In reset_parameters() the weights are set/reset.

Brando_Miranda · July 7, 2018, 1:18am

Are these initialization basically He init or Xavier init?

klory · July 11, 2018, 11:10am

Tanh --> Xavier
ReLU --> He

Brando_Miranda · July 14, 2018, 12:50am

So Pytorch uses He when its ReLU? Im confused what pytorch does.

Brando_Miranda · July 14, 2018, 1:23am

Sorry ptrblck, Im confused…pytorch uses Xavier or He depending on the activation? Thats what klory seems to imply but the code looks as follows:

def reset_parameters(self):
    stdv = 1. / math.sqrt(self.weight.size(1))
    self.weight.data.uniform_(-stdv, stdv)
    if self.bias is not None:
        self.bias.data.uniform_(-stdv, stdv)

rasbt · July 14, 2018, 2:01am

Tanh → Xavier
ReLU → He

No that’s not correct, PyTorch’s initialization is based on the layer type, not the activation function (the layer doesn’t know about the activation upon weight initialization).

For the linear layer, this would be somewhat similar to He initialization, but not quite:

github.com

pytorch/pytorch/blob/9e2f2cab94027c1be1860b9b5e98ac13c6b0516e/torch/nn/modules/linear.py#L48-L52


      
          def reset_parameters(self):
              stdv = 1. / math.sqrt(self.weight.size(1))
              self.weight.data.uniform_(-stdv, stdv)
              if self.bias is not None:
                  self.bias.data.uniform_(-stdv, stdv)

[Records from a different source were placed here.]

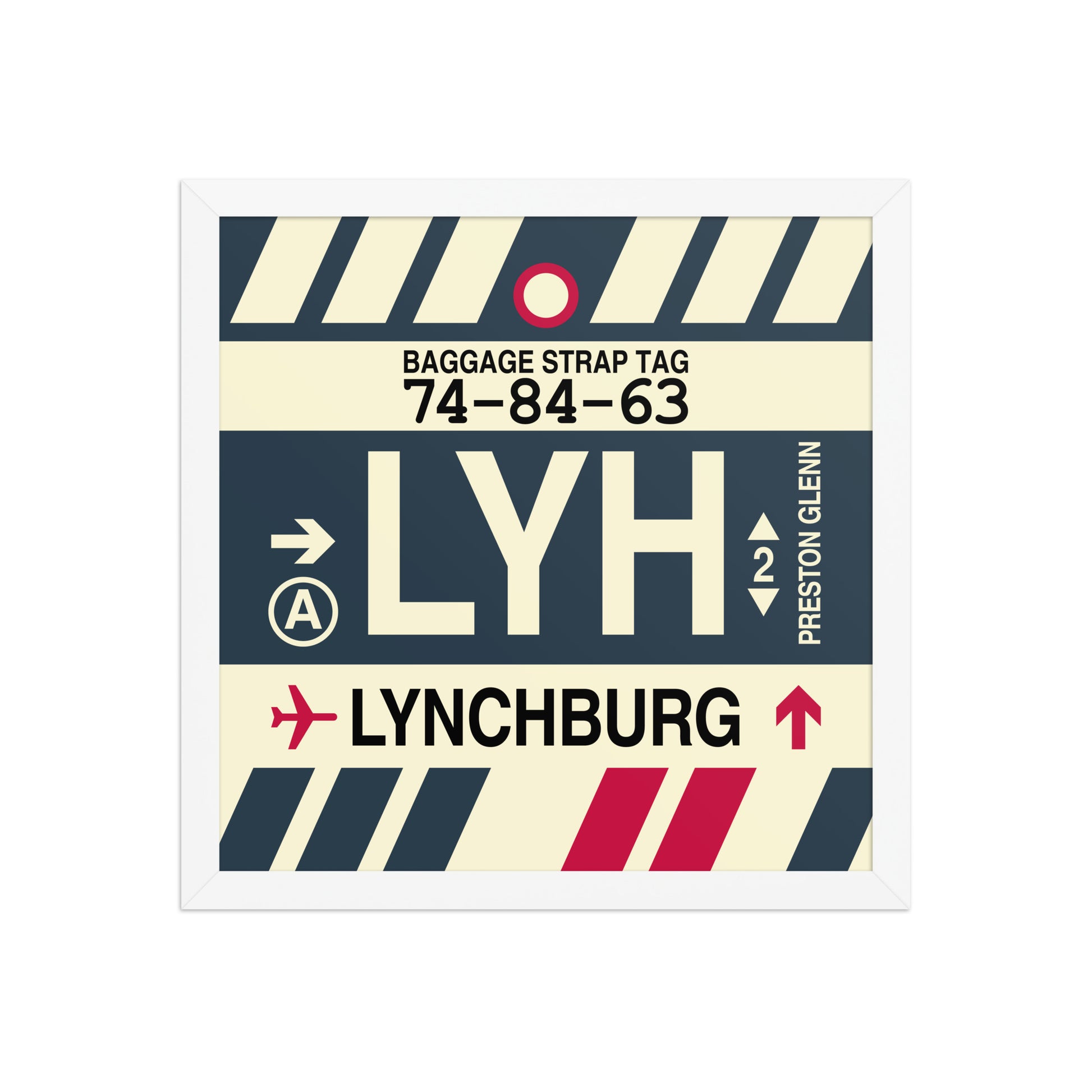 LYH Lynchburg Framed Print • Jet Age Baggage Tag Design • YHM Designs - Image 13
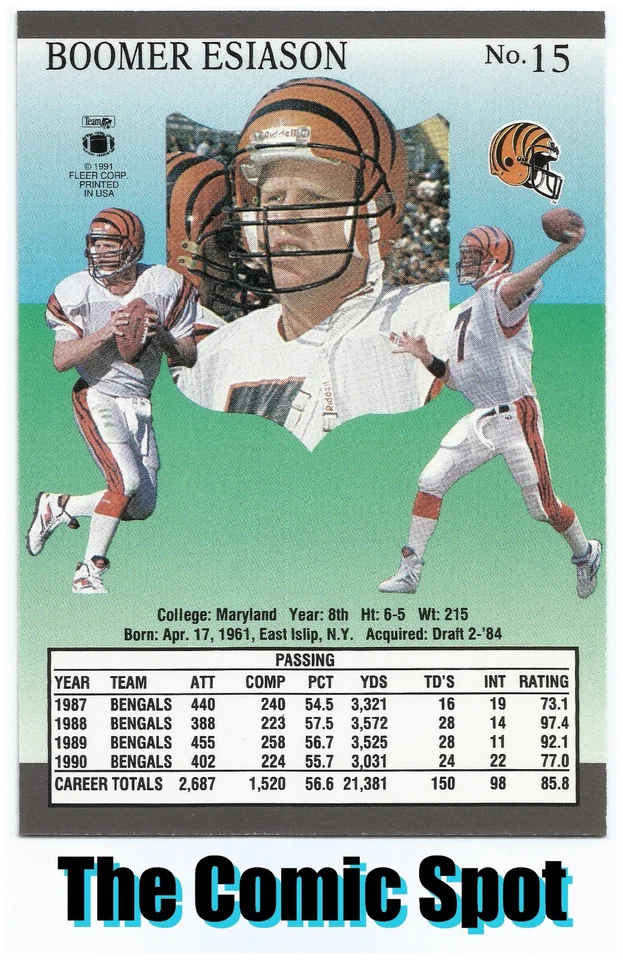 1991 FLEER ULTRA ~ BOOMER ESIASON #15 ~ CINCINNATI BENGALS ~ NFL FOOTBALL CARD - Image 2 of 3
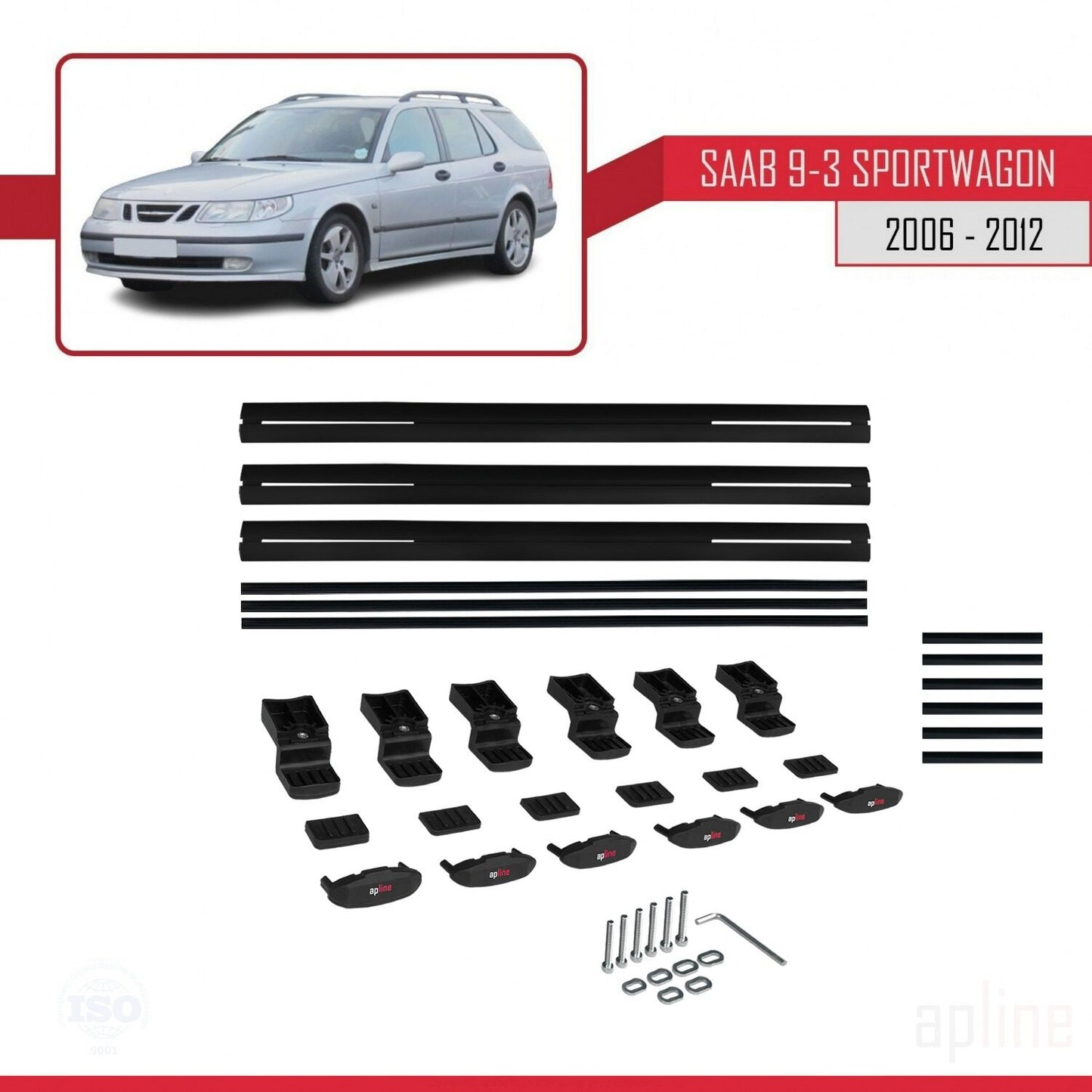 Compatible avec Saab 9-3 II Break 2006-2012 BASIC Model Barres de Toit Railing Porte-Bagages de Voiture Noir Aluminium 3 Barres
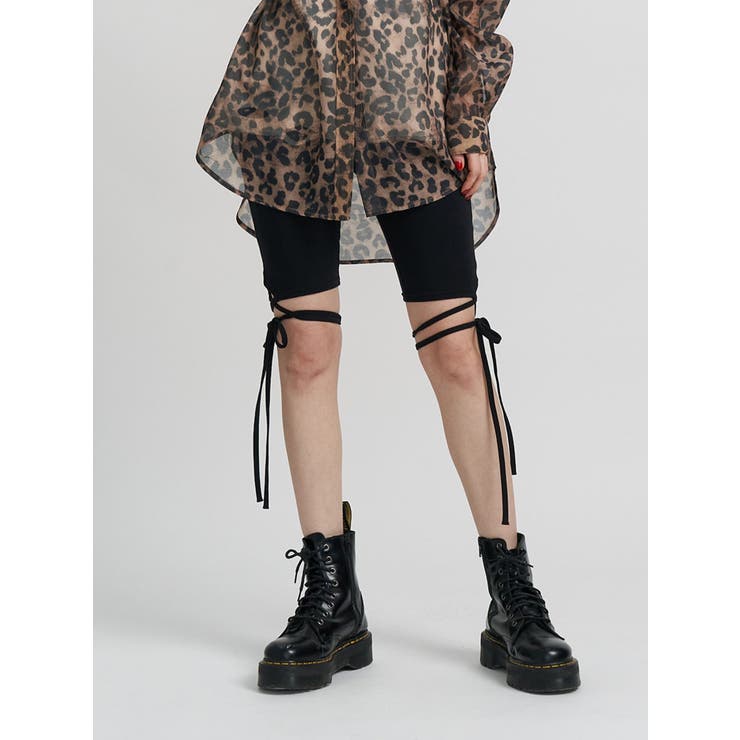 ブラック | レースアップバイカーパンツ | jouetie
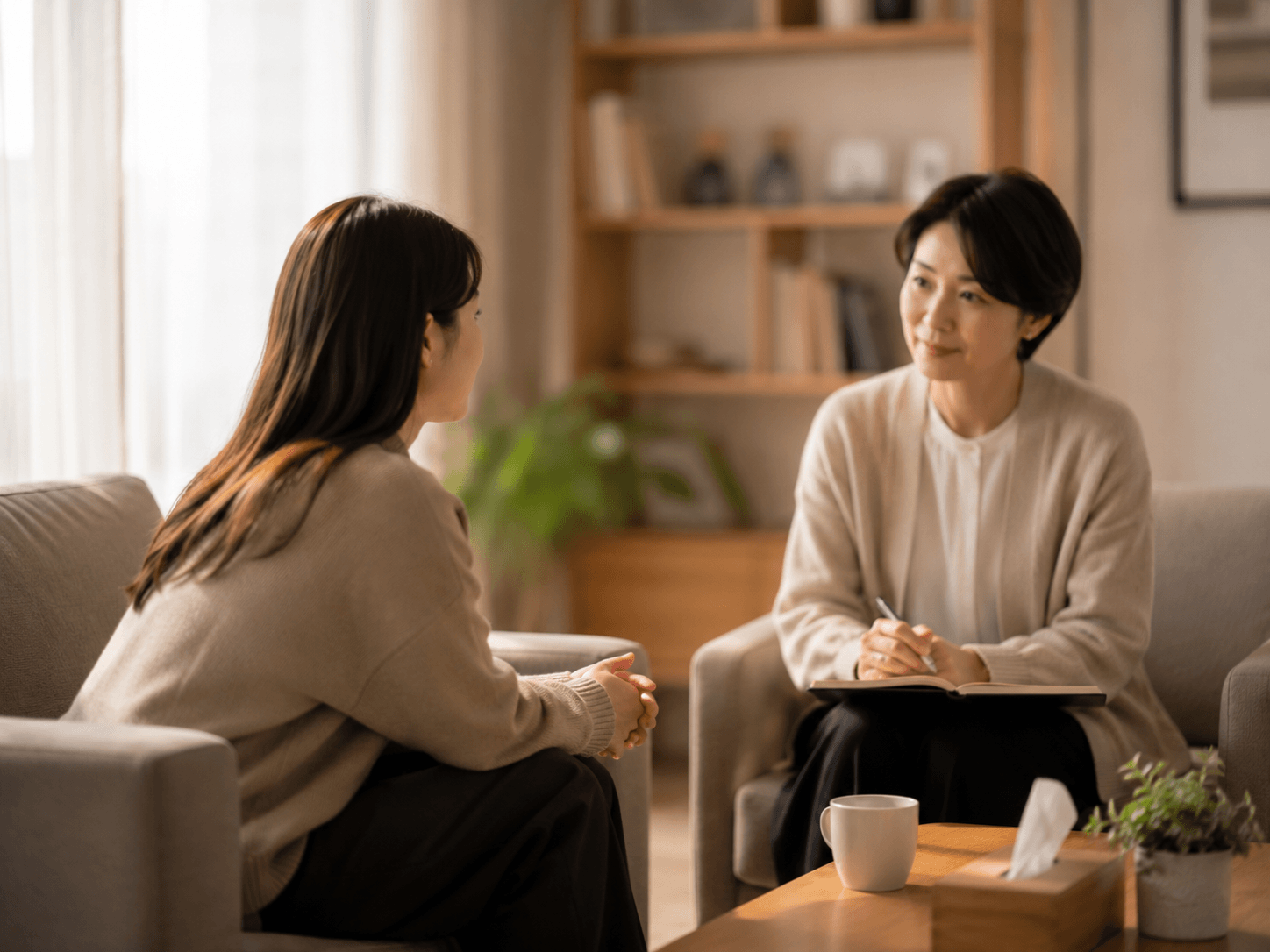 아늑하고 따뜻한 조명의 상담실 소파에 앉아 고소공포증 전문 치료법과 극복을 위해 상담받는 편안한 분위기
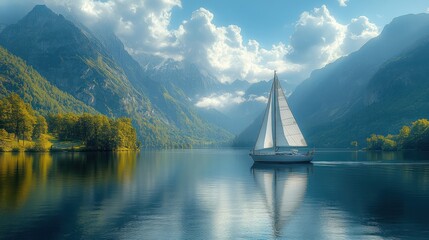 Poster - Sailboat on a Mountain Lake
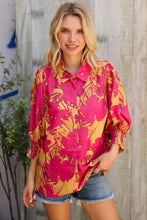 Load image into Gallery viewer, Elegant In Fuchsia & Gold Satin Button-Down Smock Long Sleeve Bouse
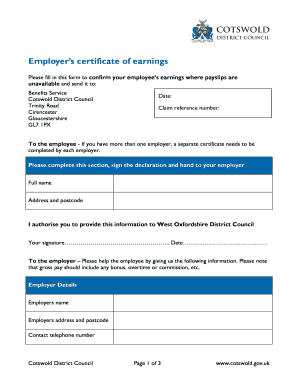 Employer’s Certificate of Earnings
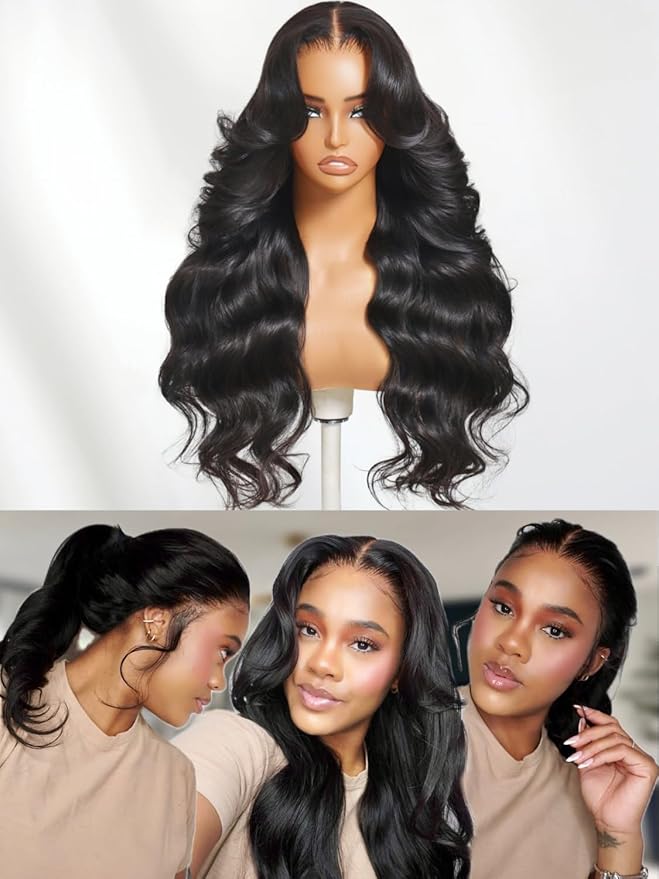 KLAIYI HD Real Scalp Wig 13x4 Lace Frontal Human Hair Wig Loose Body Wave with Face Framing Curtain Bangs Pre Everything Glueless 3S Wear and Go Precut Lace Pre Plucked Pre Bleached 180%Density 16Inch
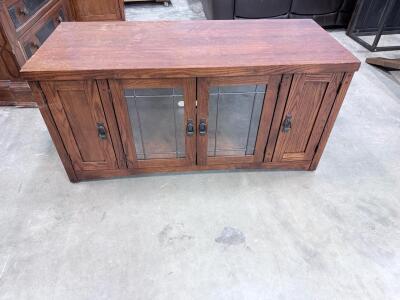 Medium Brown Wood Media Console with Glass Doors, Approx. 60"x24"x18"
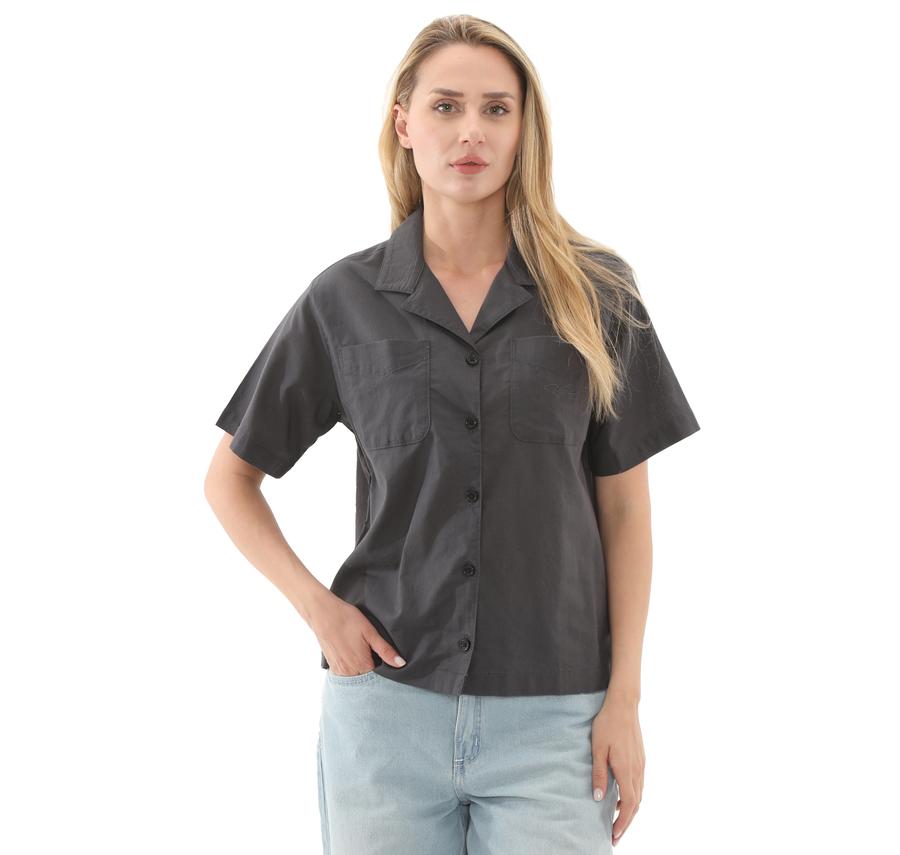 Vans Cassidy Camp Shirt Kadın Gömlek Siyah Vans Cassidy Camp Shirt Kadın Gömlek Siyah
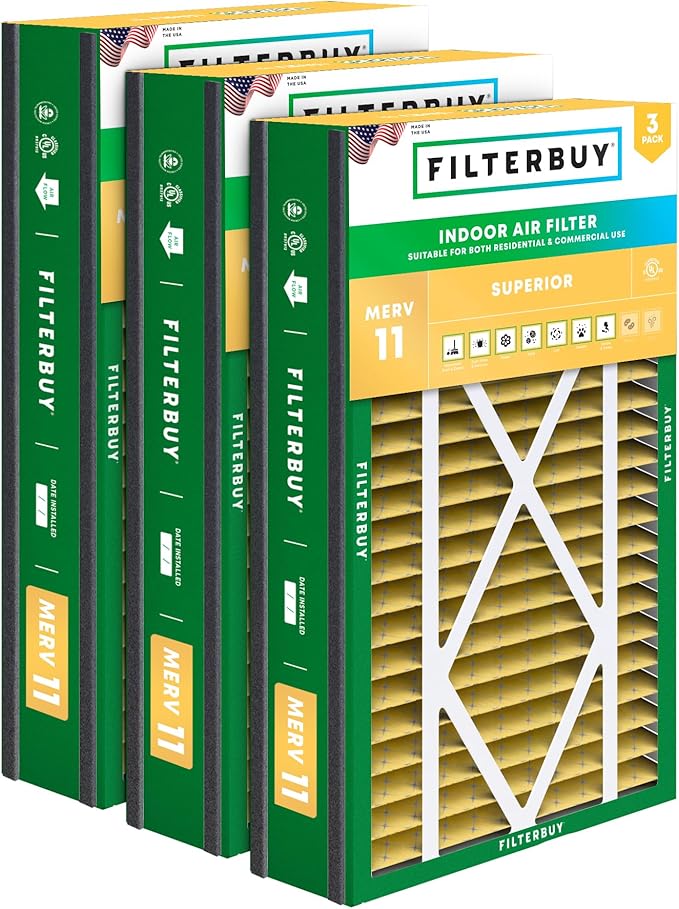Filterbuy 16x25x3 Air Filter MERV 11 Superior Pet & Allergy Defense (3-Pack), Electrostatic Pleated HVAC AC Furnace Filters for Trion Air Bear, Lennox X0581 & More (Actual Size: 15.63 x 24.13 x 3.00)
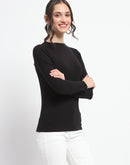 Madame High Neck Full Sleeve Solid Black Top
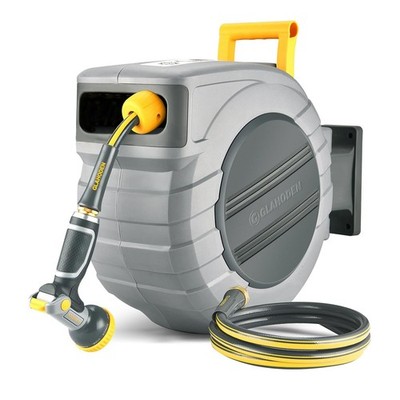 GLAHODEN Retractable Garden Hose Reel 5/8 in x 100 ft 5/8'' 100FT, Light Gray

def reset_parameters(self):
    stdv = 1. / math.sqrt(self.weight.size(1))
    self.weight.data.uniform_(-stdv, stdv)
    if self.bias is not None:
        self.bias.data.uniform_(-stdv, stdv)

Ie., when I remember correctly, He init is “sqrt(6 / fan_in)” whereas in PyTorch Linear layer it’s “1. / sqrt(fan_in)”

klory · July 14, 2018, 2:10am

Yeah, you’re correct, I just check their code for linear.py and conv.py, it seems they’re all using Xavier right? (I got the Xavier explanation from here)

github.com

pytorch/pytorch/blob/099a6d5e083d78e04437a22e7cf963c4e0a1fa18/torch/nn/modules/linear.py#L48-L52


def reset_parameters(self):
    stdv = 1. / math.sqrt(self.weight.size(1))
    self.weight.data.uniform_(-stdv, stdv)
    if self.bias is not None:
        self.bias.data.uniform_(-stdv, stdv)

github.com

pytorch/pytorch/blob/099a6d5e083d78e04437a22e7cf963c4e0a1fa18/torch/nn/modules/conv.py#L40-L47


def reset_parameters(self):
    n = self.in_channels
    for k in self.kernel_size:
        n *= k
    stdv = 1. / math.sqrt(n)
    self.weight.data.uniform_(-stdv, stdv)
    if self.bias is not None:
        self.bias.data.uniform_(-stdv, stdv)

Brando_Miranda · July 14, 2018, 2:11am

are they all using Xavier?

rasbt · July 14, 2018, 2:41am

it seems they’re all using Xavier right?

Doesn’t xavier also include fan_out though? Here, I can only see input channels, not output channels.

Brando_Miranda · July 14, 2018, 2:41am

so is it just a unpublished made up pytorch init?

rasbt · July 14, 2018, 3:08am

Maybe I am overlooking sth or don’t recognize it, but I think so

Brando_Miranda · July 14, 2018, 3:10am

A validation from someone in the pytorch team would be nice calling for call for master @SimonW

SimonW · July 14, 2018, 10:40am

no, they are from respective well-established published papers actually. e.g., linear init is from “Efficient Backprop”, LeCun’99.

Brando_Miranda · July 14, 2018, 10:24pm

Thanks! I appreciate the it.

Brando_Miranda · July 14, 2018, 10:25pm

this one I assume:

rasbt · July 15, 2018, 12:11am

Maybe it would be worthwhile adding comments to the docstrings? Would make it easier for the next person to find plus more convenient to refer to in papers.